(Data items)
[Start of Attachment]

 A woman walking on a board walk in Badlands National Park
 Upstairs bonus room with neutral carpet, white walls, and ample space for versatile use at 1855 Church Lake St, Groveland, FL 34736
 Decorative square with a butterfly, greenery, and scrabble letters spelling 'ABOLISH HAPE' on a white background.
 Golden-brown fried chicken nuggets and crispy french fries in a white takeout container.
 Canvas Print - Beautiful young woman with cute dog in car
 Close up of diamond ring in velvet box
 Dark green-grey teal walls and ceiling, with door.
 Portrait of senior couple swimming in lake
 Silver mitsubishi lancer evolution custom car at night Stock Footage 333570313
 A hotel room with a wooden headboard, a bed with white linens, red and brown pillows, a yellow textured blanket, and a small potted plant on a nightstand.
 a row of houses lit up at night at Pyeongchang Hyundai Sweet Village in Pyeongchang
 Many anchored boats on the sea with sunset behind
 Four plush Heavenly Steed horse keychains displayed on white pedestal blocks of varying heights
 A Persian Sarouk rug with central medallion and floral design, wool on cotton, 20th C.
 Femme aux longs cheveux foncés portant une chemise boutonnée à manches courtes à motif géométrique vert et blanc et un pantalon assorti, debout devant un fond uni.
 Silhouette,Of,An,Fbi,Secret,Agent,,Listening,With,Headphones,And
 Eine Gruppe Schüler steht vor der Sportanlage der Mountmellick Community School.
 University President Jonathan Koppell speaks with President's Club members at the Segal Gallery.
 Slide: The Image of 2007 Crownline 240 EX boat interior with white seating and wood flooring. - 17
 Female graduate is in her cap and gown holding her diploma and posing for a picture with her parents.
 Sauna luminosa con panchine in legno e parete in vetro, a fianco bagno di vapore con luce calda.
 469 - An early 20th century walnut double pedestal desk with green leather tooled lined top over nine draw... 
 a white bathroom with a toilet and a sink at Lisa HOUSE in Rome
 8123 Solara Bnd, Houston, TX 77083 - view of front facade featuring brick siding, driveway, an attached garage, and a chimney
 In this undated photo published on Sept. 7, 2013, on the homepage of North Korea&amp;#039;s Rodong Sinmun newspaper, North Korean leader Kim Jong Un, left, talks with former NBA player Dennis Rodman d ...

[End of Attachment]

All of the entries should be output exactly as they appear above.

SOLUTION TO THE PROBLEM |
 A woman walking on a board walk in Badlands National Park
 Upstairs bonus room with neutral carpet, white walls, and ample space for versatile use at 1855 Church Lake St, Groveland, FL 34736
 Decorative square with a butterfly, greenery, and scrabble letters spelling 'ABOLISH HAPE' on a white background.
 Golden-brown fried chicken nuggets and crispy french fries in a white takeout container.
 Canvas Print - Beautiful young woman with cute dog in car
 Close up of diamond ring in velvet box
 Dark green-grey teal walls and ceiling, with door.
 Portrait of senior couple swimming in lake
 Silver mitsubishi lancer evolution custom car at night Stock Footage 333570313
 A hotel room with a wooden headboard, a bed with white linens, red and brown pillows, a yellow textured blanket, and a small potted plant on a nightstand.
 a row of houses lit up at night at Pyeongchang Hyundai Sweet Village in Pyeongchang
 Many anchored boats on the sea with sunset behind
 Four plush Heavenly Steed horse keychains displayed on white pedestal blocks of varying heights
 A Persian Sarouk rug with central medallion and floral design, wool on cotton, 20th C.
 Femme aux longs cheveux foncés portant une chemise boutonnée à manches courtes à motif géométrique vert et blanc et un pantalon assorti, debout devant un fond uni.
 Silhouette,Of,An,Fbi,Secret,Agent,,Listening,With,Headphones,And
 Eine Gruppe Schüler steht vor der Sportanlage der Mountmellick Community School.
 University President Jonathan Koppell speaks with President's Club members at the Segal Gallery.
 Slide: The Image of 2007 Crownline 240 EX boat interior with white seating and wood flooring. - 17
 Female graduate is in her cap and gown holding her diploma and posing for a picture with her parents.
 Sauna luminosa con panchine in legno e parete in vetro, a fianco bagno di vapore con luce calda.
 469 - An early 20th century walnut double pedestal desk with green leather tooled lined top over nine draw... 
 a white bathroom with a toilet and a sink at Lisa HOUSE in Rome
 8123 Solara Bnd, Houston, TX 77083 - view of front facade featuring brick siding, driveway, an attached garage, and a chimney
 In this undated photo published on Sept. 7, 2013, on the homepage of North Korea&amp;#039;s Rodong Sinmun newspaper, North Korean leader Kim Jong Un, left, talks with former NBA player Dennis Rodman d ...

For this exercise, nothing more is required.